From: "John Thingstad" <jpth...@xxxxxxxxx>
"The Scieneer implementation of the Common Lisp language has been
developed to support enterprise and performance computing
applications, and features innovative multi-threading support for
symmetrical multi-processor systems which clearly differentiates it
from the competition."

Hmm, it looks pretty nice. Does anyone here have direct experience
with it sufficient to rate it as to how well it actually works in

Browsing links from there:

Linkname: UFFI: Universal Foreign Function Interface for Common Lisp
... Every Common Lisp implementation has a method
for interfacing to such libraries. Unfortunately, these method vary
widely amongst implementations. ^s
(typo, anybody here have authorization to fix the typo?)

... UFFI wraps this common subset of functionality with
it's own syntax ...
x (another typo)

It does not support vectorization if that is what you mean.

Vectorization, in computer science, is the process of converting a
computer program from a scalar implementation, which does an operation
on a pair of operands at a time, to a vectorized program where a
single instruction can perform multiple operations or a pair of vector
(series of adjacent values) operands. Vector processing is a major
feature of both conventional and modern supercomputers.
OK, clarification: When I use the term, I'm not referring to the
*automatic* conversion from a conventional program to a vectorized
version. I'm merely referring to the final result, a single CPU
instruction that processes a whole array of data with the same
function with memory access and actual computing overlapped as fast
as the internal busses in the CPU can accomodate. For example, a
single instruction might compute the pairwise difference of two
arrays writing the differences to a pre-allocated third array, and
a second instruction might compute the squares of those
differences, and a third instruction might compute the sum of those
squares, thereby computing the variance between two vectors in just
three machine instructions. A fourth, non-vectorized operation,
would compute the square root of that sum of squares of
differences, thereby computing the Cartesian distance between the
two original vectors.

But this is a completely separate topic from the multi-CPU question
I posed. For my current application, I have a set of records, each
of which is to be pre-processed in exactly the same way:

- Convert to list of words, all lower case.
- Convert each word to bigrams trigrams and tetragrams, separately,
and accumulate those results separately for each list-of-words.
I imagine all of that to be runnable on parallel processes, hence
the 64k query. No vectorization happens there.

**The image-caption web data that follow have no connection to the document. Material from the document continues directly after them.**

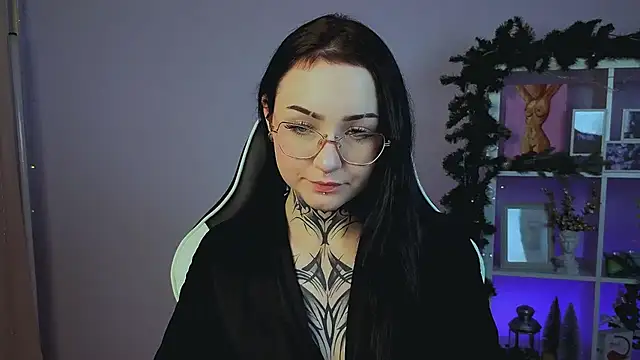 Snapshot of MollyKissy chatting on 12/14/25, 08:09 MollyKissy online show from 12/14/25, 08:09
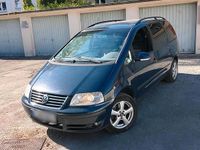 Second-hand VW Sharan 116 CP (85 kW) 2007 Albastru Monovolum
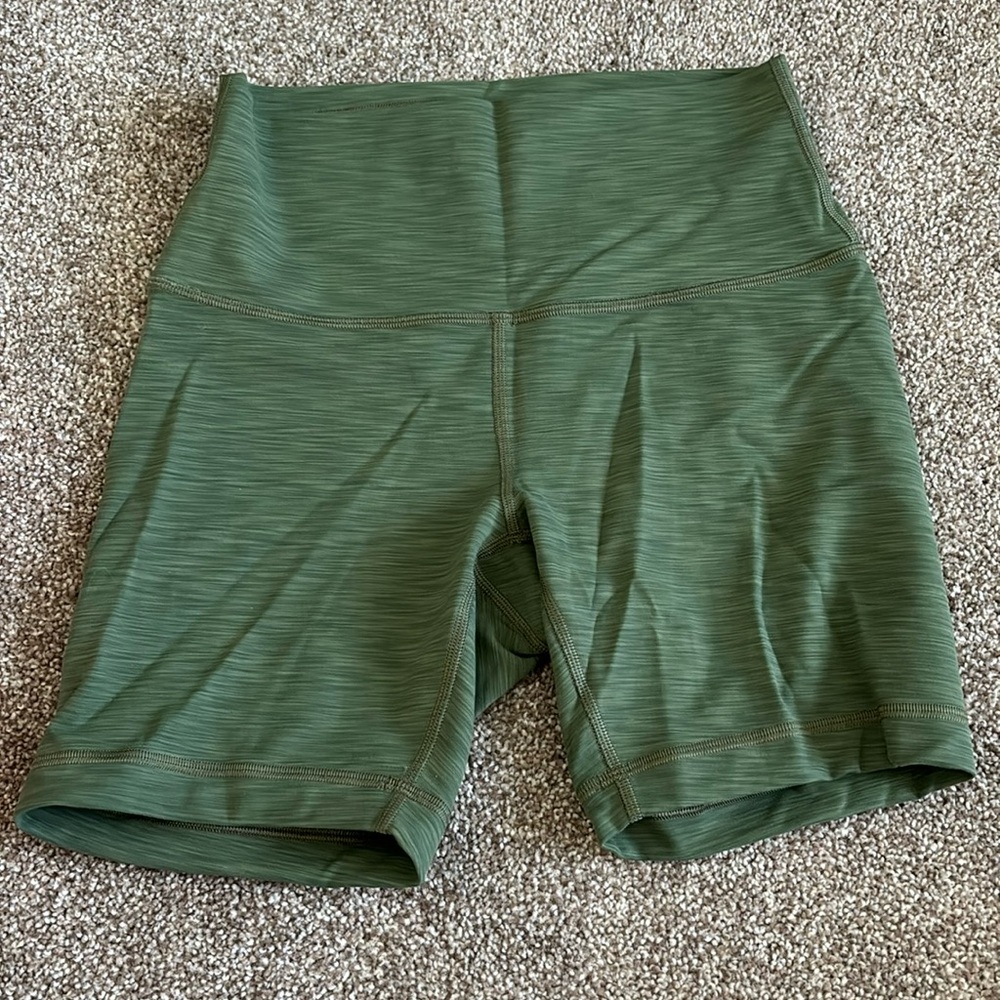 Lululemon wunder train 6in short. Draw string cut out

- Accumulate all those bigram trigram and tetragram statistics
separately for the entire corpus, yielding three whole-corpus
That would be done on the main computer after getting the many
individual triples from the sub-processes.

- Divide each of the three single-record histograms for each record
by the whole-corpus histrogram for that class among the three, to
yield the three frequency-ratio histograms for each such record.
- Merge those three frequency-ratio histograms for the record into
a single ratio histogram for that record.
- Normalize that merged ratio historgram to have Cartesian length 1.
- Compute the ProxHash, which is a 64-component vector, for the record.
I imagine all of that to be runnable on parallel processes, hence
the 64k query. No vectorization happens there.

- Perform various calculations of the difference between partial or
full ProxHash vectors in the process of building a nearest-neighbor
This is where vectorization would happen, but *not* on distributed
computers, merely on one (1) moderately vectorized computer, able
to compute Cartesian distance between two vectors (up to 64
elements in each vector) in four machine instructions
(diff,square,sum,sqrt). The first three operations would be
standard vectorized opcodes, whereas the sqrt would be specially
micro-coded to run extremely quickly by finite Newton's method
pipelined directly in the CPU internal bus structure. (It may be
that some commercial CPUs already include a built-in
vendor-supplied SQRT opcode, in which case of course no additional
micro-coding would be needed.)

Of course the CPU I speak of for the vectorized calculation might
be an auxiliary "vector processor", or it might be functionality
built into a high-performance main CPU.